It's like throwing a thousand bottles into the ocean and waiting to see who gets your message.

Amazon, eBay, Twitter, blogs, Pinterest, Facebook--they are all tools designed to make it easier to reach more and more people with a variation of faux intimacy. And this broadcast approach means that communication breaks down all the time... we have mass, but we've lost resiliency.

Asynchronous creates two problems when it comes to resiliency. First, it's difficult to move the conversation forward because the initiator can't be sure when to report back in with an update. Second, if some of the data changes in between interactions, it's entirely likely that the conversation will go off the rails. If you send two colleagues a word processed doc and, while you're waiting for a response, the file changes, it's entirely possible that you'll get feedback on the wrong file. Source control for any conversation of more than two people becomes a huge issue.

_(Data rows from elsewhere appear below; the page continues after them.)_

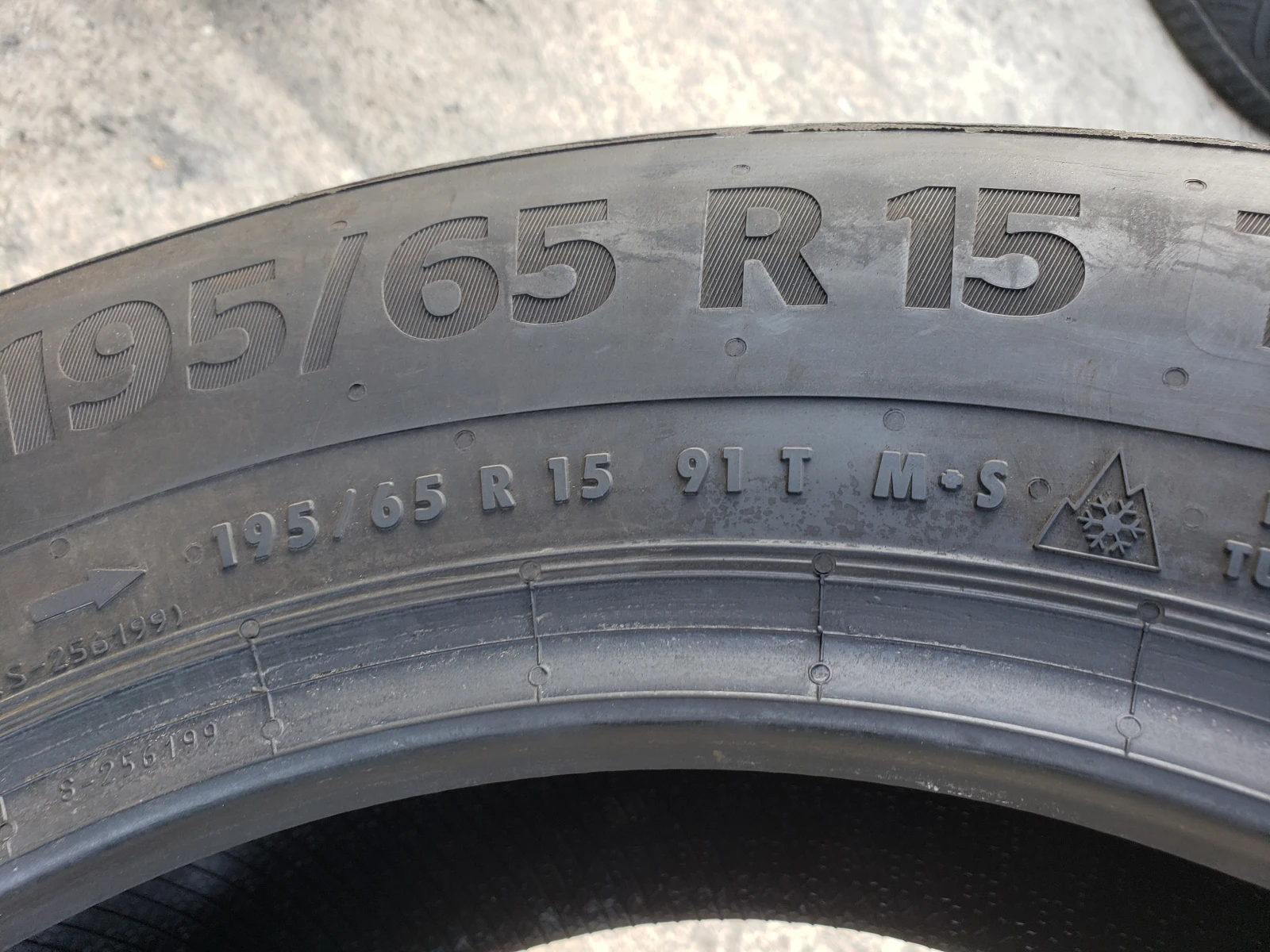 ���� 195/65R15 | Mobile.bg � ����������� 7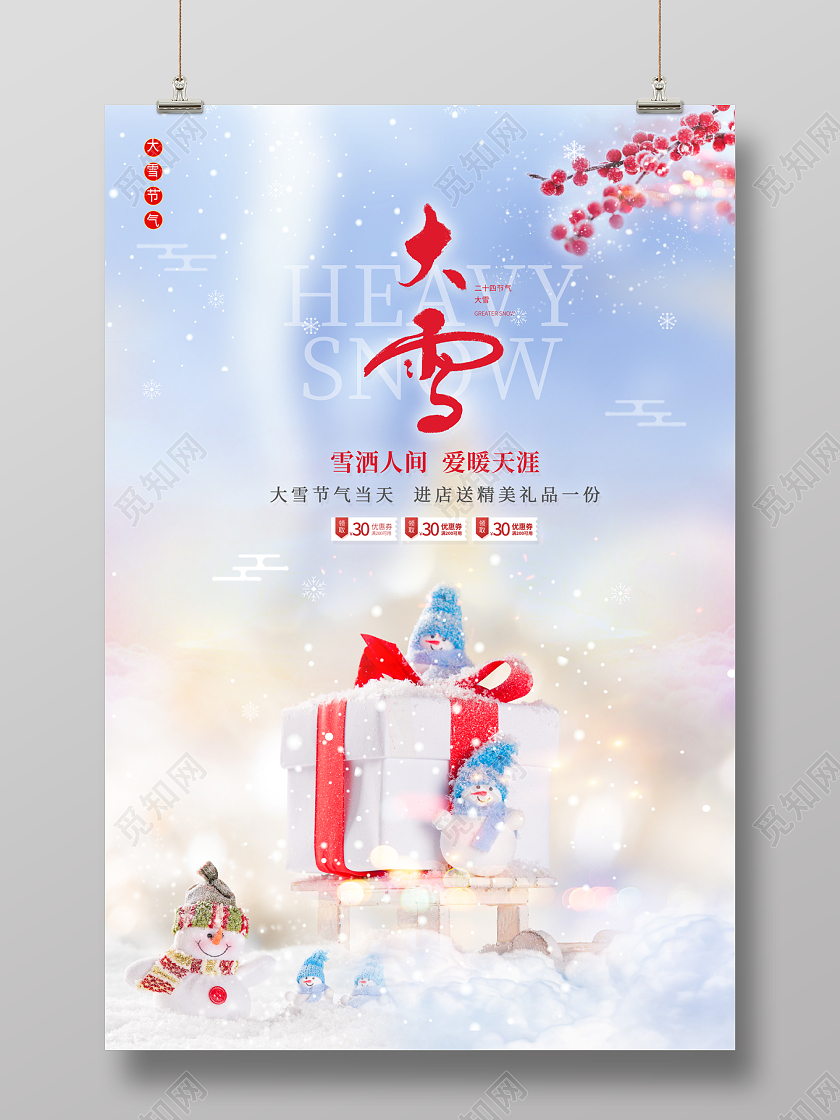 2022简约大雪节日海报大雪送礼海报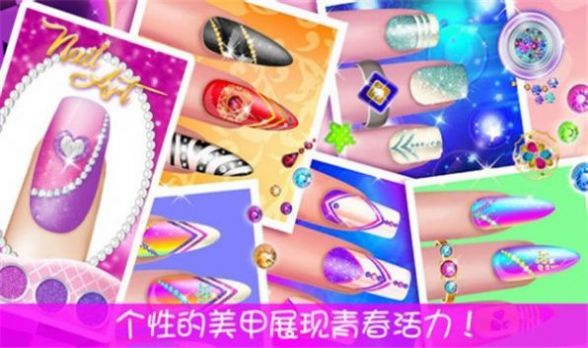儿童美甲公主手游下载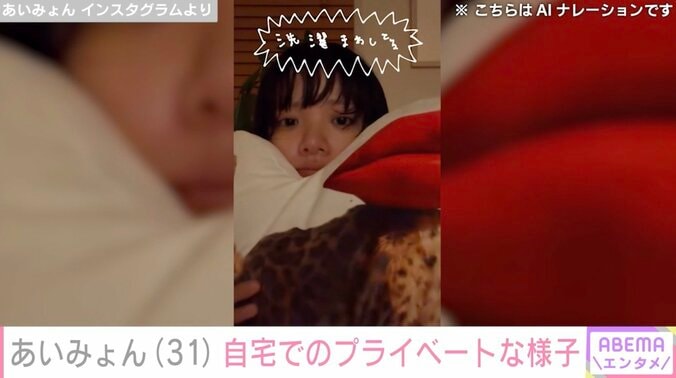 あいみょん Instagramより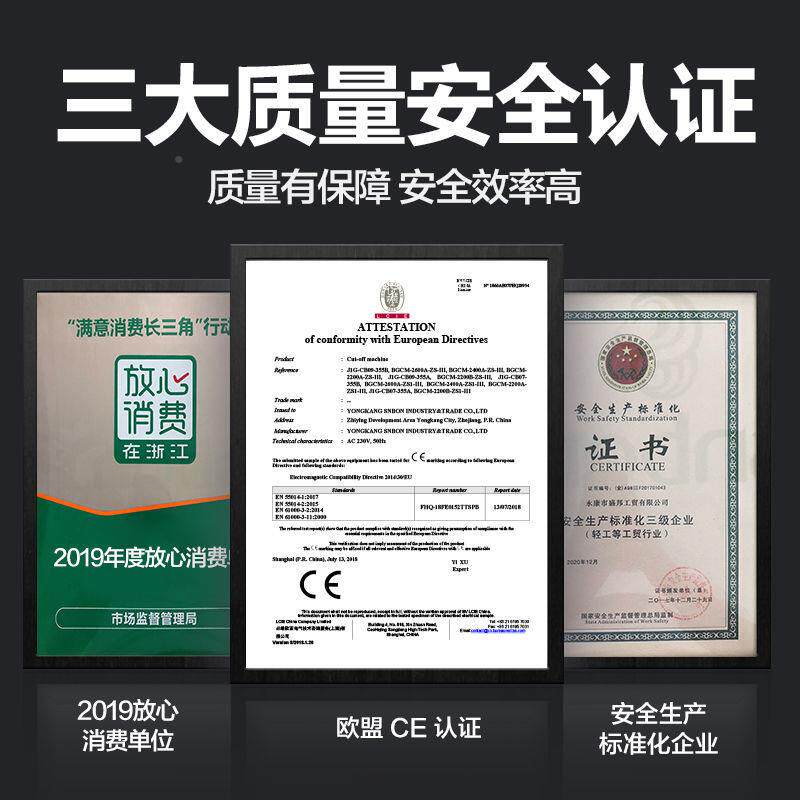 战多角度3木50型材切割功机355大功率钢材机多能虎材PL-12598切割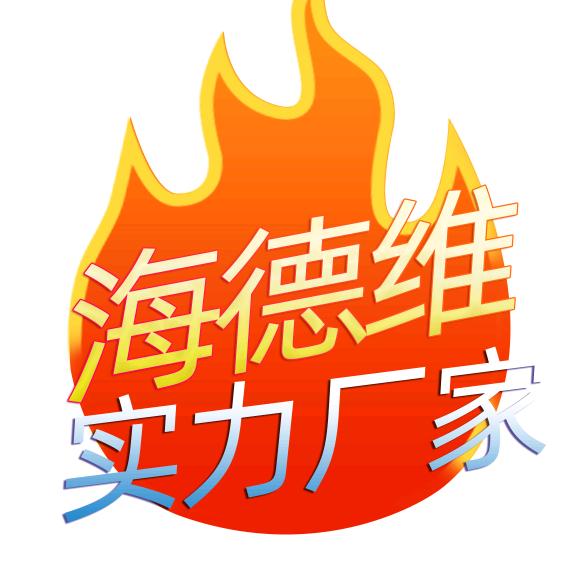 东莞海德维科技有限公司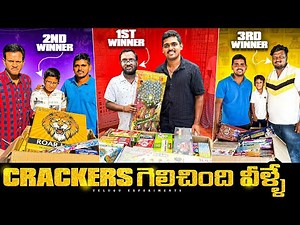 Crackers గెలిచిన వాళ్ళ ఇంటికి వెళ్లి ఇచ్చేసాము 🔥🔥 Telugu Experiments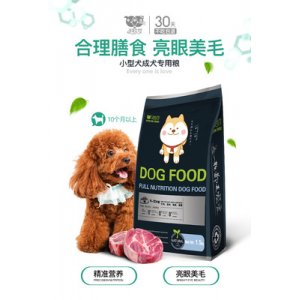 成狗糧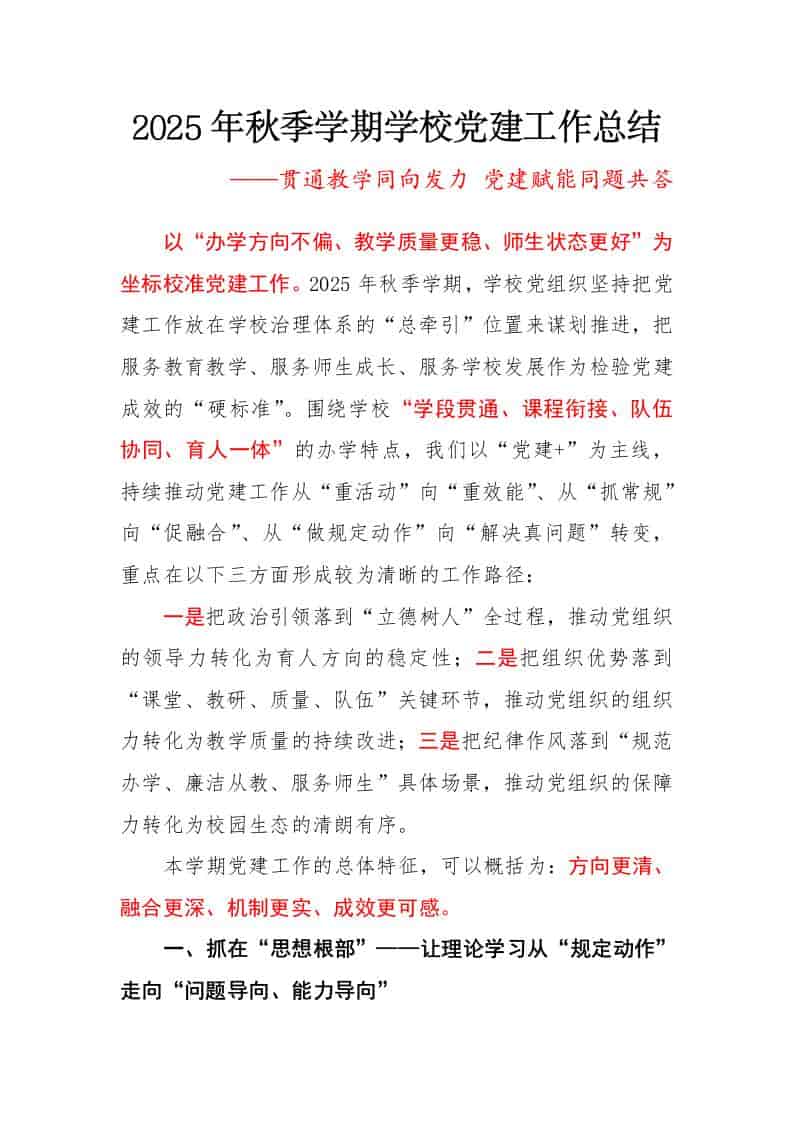 2025年秋季第一学期学校党建工作总结：贯通教学同向发力，党建赋能同题共答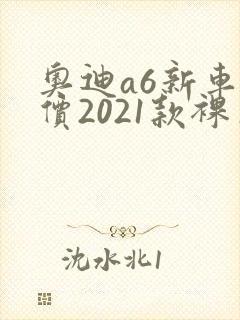 奥迪a6新车报价2021款裸车价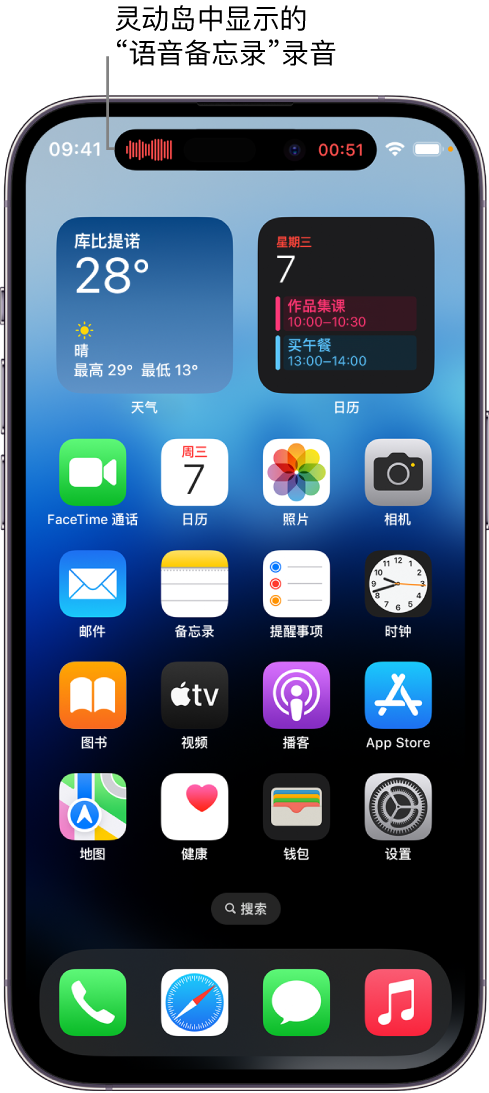 双柏苹果14维修分享在 iPhone 14 Pro 机型中查看灵动岛活动和进行操作 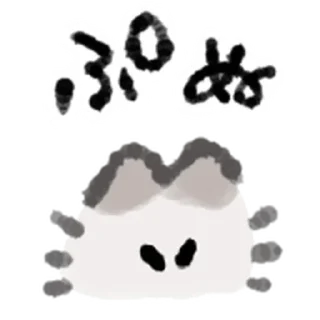 Sticker ´ ´ @Qoukio - 7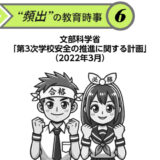 “頻出” の教育時事⑥文部科学省「第３次学校安全の推進に関する計画」（2022年3月）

Your boss initiates a digital thread about an upcoming meeting. While two of the people are busy working on the agenda, a third ends up cancelling the meeting, wasting tons of effort because people are out of sync.

But asynchronous communication is also a boon. It means that you don't have to drop everything to get on a call or go to a meeting. Without the ability to spread out our project communication, we'd get a lot less done.

So, here we are in the middle of the communication age, and we're actually creating a system that's less engaging, less resilient to change or dropped signals, and less likely to ensure that small teams are actually contributing efficiently.  The internet funding structure rewards systems that get big, not always systems that work very well.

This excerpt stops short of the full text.